Their brief has a reliance on notoriously anti-gun flawed researchers Philip J. Cook & Jens Ludwig is one. Citing other anti-gun research hacks like Garen Wintemute, Franklin E. Zimring, et al, leaves them open to easy criticism.

Best of all, is that they shoot themselves in the foot several ways.

One claim is that only a "minority" of firearms owners exist (25%) and only 16% of the population owns (eeevil) handguns. They claim 35% of households own any guns at all. Given that in some populous states (MA, NJ, NY, CA, IL) handgun regulations are, at best, burdensome and confusing to the average citizen, these illegal laws reduce the numbers. Besides that, several times government agencies have indicated there is no precise way to measure gun ownership in the U.S.

Then they start discussing "Defensive Gun Use" (DGU) from the 1995 Kleck study. They call the study an infamous DGU survey and discredited yet the only researchers who discredit the study are those who support anti-gun regulations in the first place.[1]

They suggest that the number of DGUs far outweighs the acutal number of crimes committed every year. The claim is that the methodology is flawed and people "telescope" (remember rare incidents outside the time frame). This is a load of Bovine Scatology. I was interviewed by phone for the Kleck survey and they took great pains to pin down in what year an incident occurred or whether there was a real threat (as opposed to, say, a curtain knocking something over in a breeze).

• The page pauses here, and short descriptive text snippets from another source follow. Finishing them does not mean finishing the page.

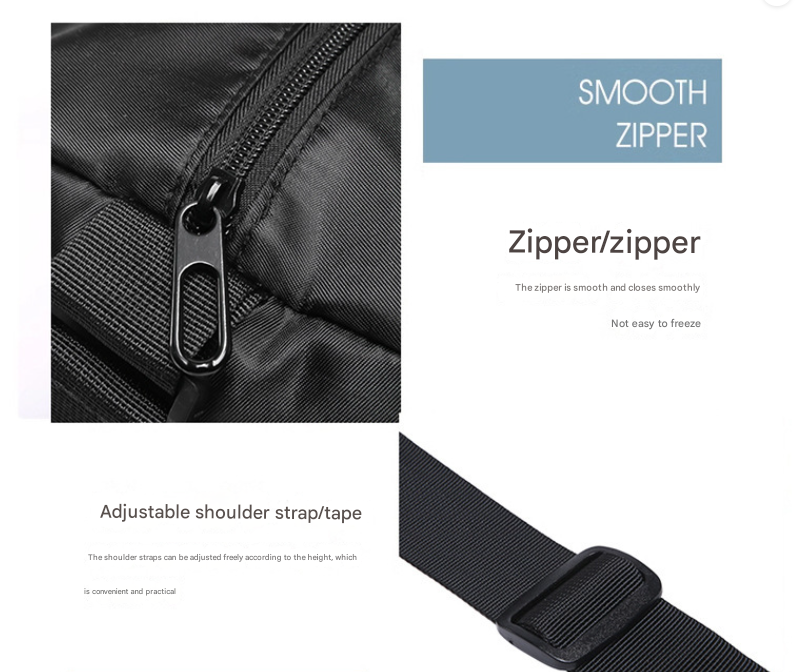 Grey Men's Large Capacity Sports Duffel Bag with Wet/Dry Separation Pocket - Travel & Gym Tote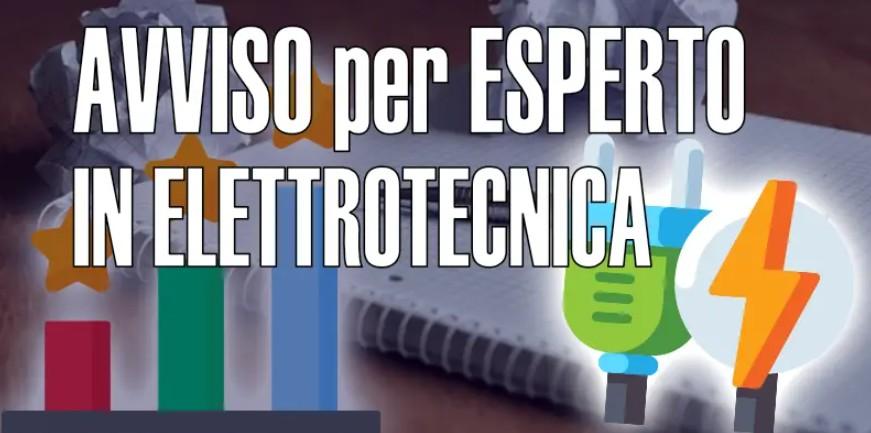 Avviso per esperto in elettrotecnica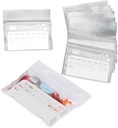 Deke Home - 100 Pack Clear Resealable Pill Bags (4x2.75 i), Travel Medicine Pouches med Write-On Label, BPA-Free Disposable Pill Organizer för mediciner, vitaminer och kosttillskott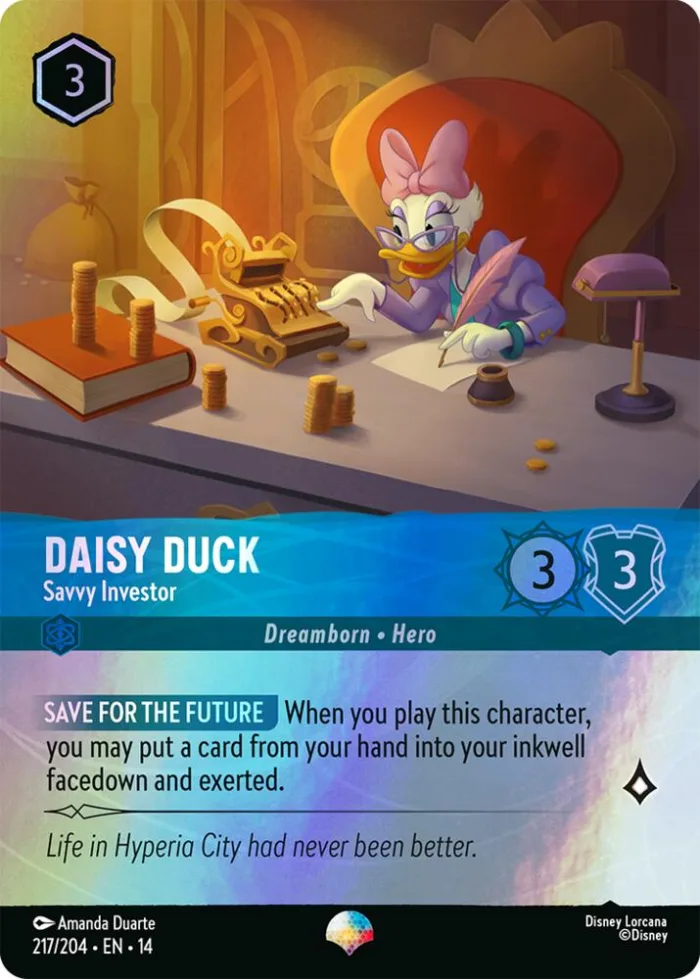 Daisy Duck Hyperia City card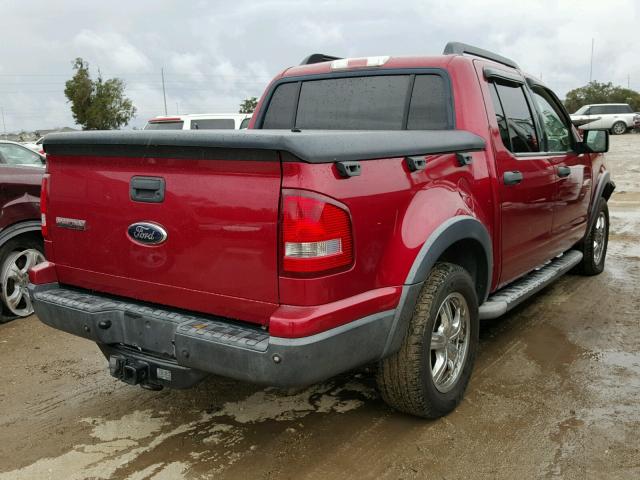 1FMEU31EX8UA18124 - 2008 FORD EXPLORER S 红色 照片 4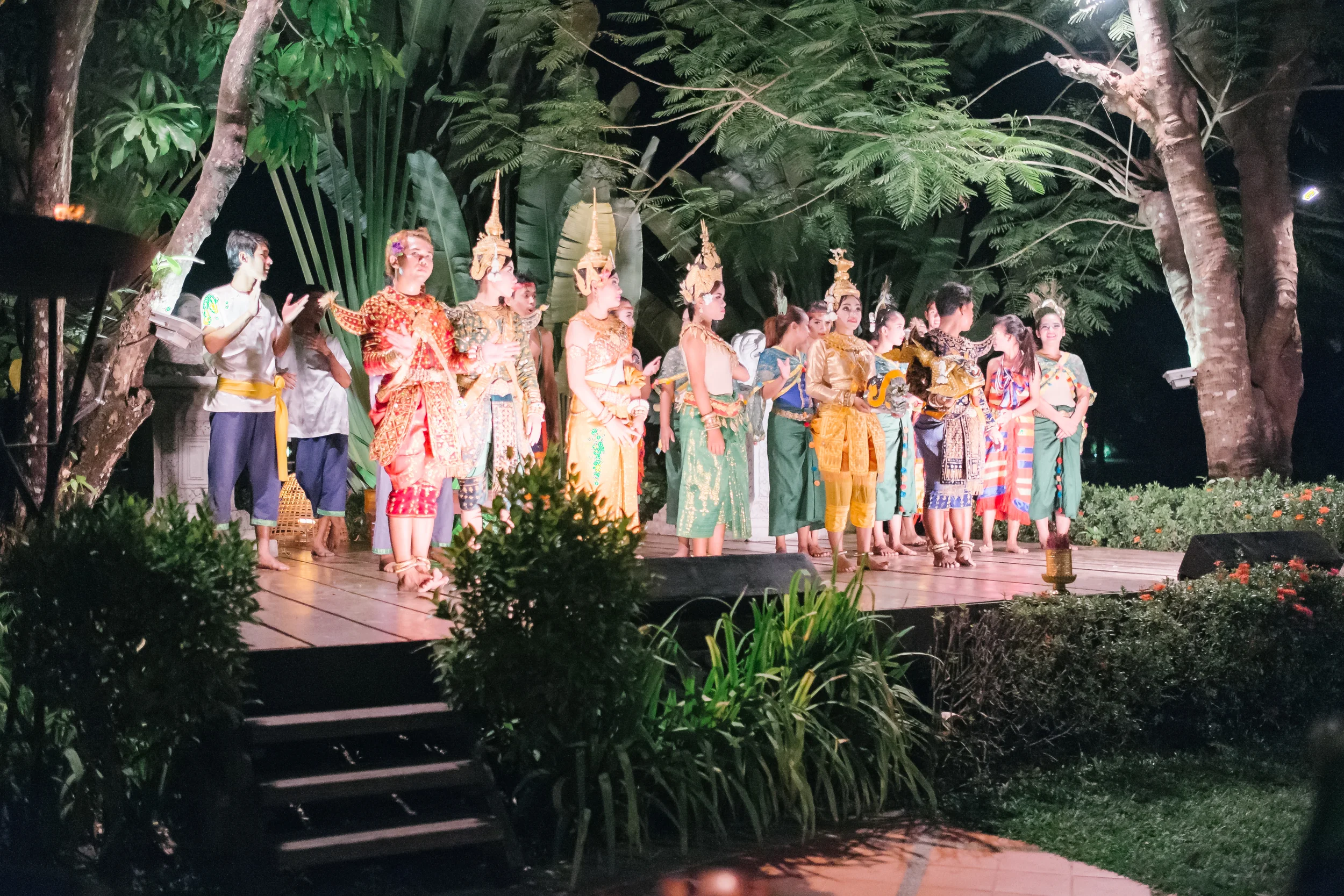 Apsara dance at the Sofitel. Fuji X-Pro 1, 23mm f/1.4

And their argument fails the "sniff test" too. They claim firearms used in 847,000 crimes a year so that a 2.5M DGU number is absurd. But they don't go beyond the actual selected figures. They fail to note:
* 847,000 is only firearms-related crime stats.
* Millions of non-firearms crimes are committed annually.
* The majority of the DGU incidents go unreported.
* DGUs apply even if it was overly aggressive for the crime being committed.

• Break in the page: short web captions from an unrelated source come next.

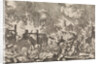Fire in Trondheim, Norway 1681 by Pieter van der Aa I
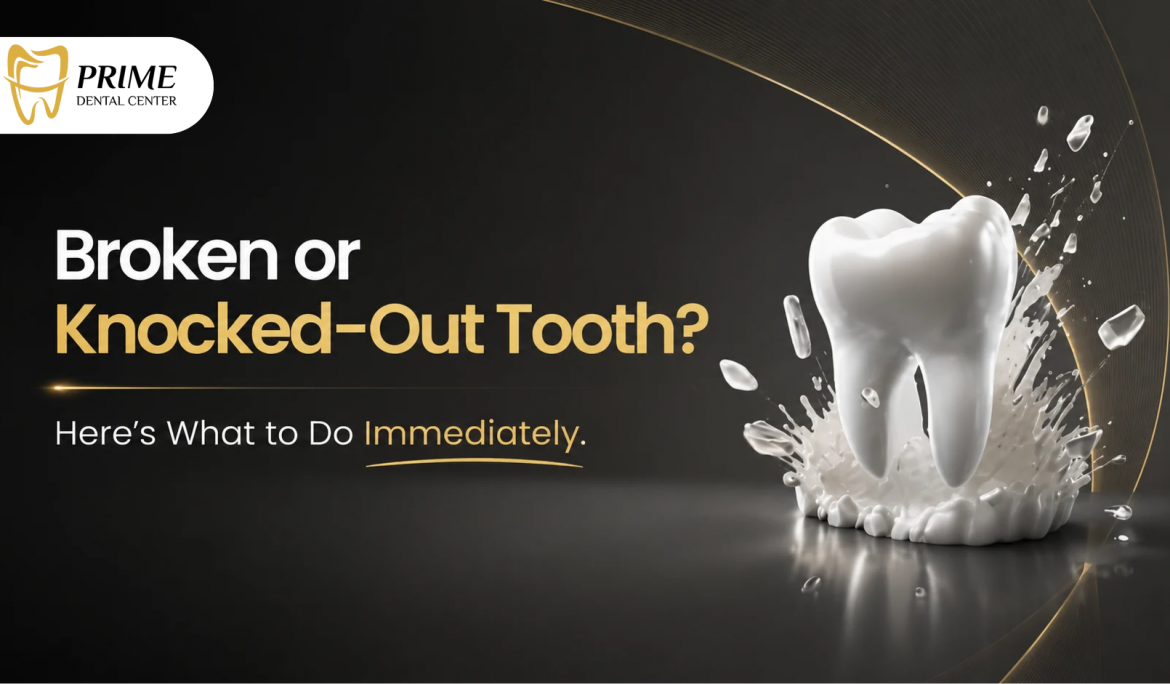 Broken or Knocked-Out Tooth Here's What to Do Immediately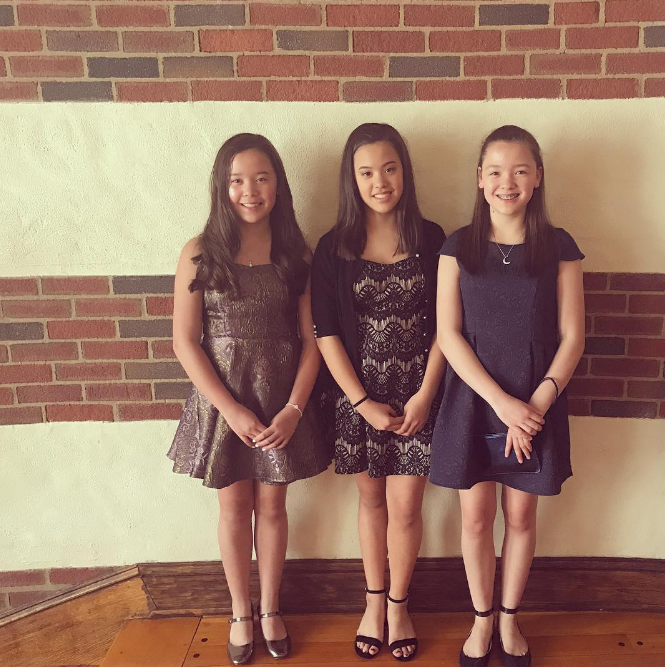 Only Hannah of the sextuplets attended her father's wedding. On this occasion, the girls of the sextuplet posed together as they prepared to turn 14 on April 28, 2018. | Source: Instagram/kateplusmy8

They lament that the .500 S&W can penetrate police vests, but then so can most rifles and several smaller handgun cartridges. This has little bearing on ownership of firearms and handguns being a right under the constitution. Indeed, if police lethality was an issue, it was more so 40 years ago before kevlar vests were produced.


[1] Citing the usual suspects, Wintemute, Cook and Hemenway. It is interesting that the brief claims these authors have "discredited" the Kleck survey's methodology, especially in light of an impartial researcher who had this to say:

Marvin Wolfgang, Director of the Sellin Center for Studies in Criminology and Criminal Law at the University of Pennsylvania, considered by many to be the foremost criminologist in the country, wrote, "I am as strong a gun-control advocate as can be found among the criminologists in this country. If I were Mustapha Mond of Brave New World, I would eliminate all guns from the civilian population and maybe even from the police ... What troubles me is the article by Gary Kleck and Marc Gertz. The reason I am troubled is that they have provided an almost clear cut case of methodologically sound research in support of something I have theoretically opposed for years, namely, the use of a gun in defense against a criminal perpetrator. ...I have to admit my admiration for the care and caution expressed in this article and this research. Can it be true that about two million instances occur each year in which a gun was used as a defensive measure against crime? It is hard to believe. Yet, it is hard to challenge the data collected. We do not have contrary evidence. The National Crime Victim Survey does not directly contravene this latest survey, nor do the Mauser and Hart Studies. ... the methodological soundness of the current Kleck and Gertz study is clear. I cannot further debate it. ... The Kleck and Gertz study impresses me for the caution the authors exercise and the elaborate nuances they examine methodologically. I do not like their conclusions that having a gun can be useful, but I cannot fault their methodology. They have tried earnestly to meet all objections in advance and have done exceedingly well."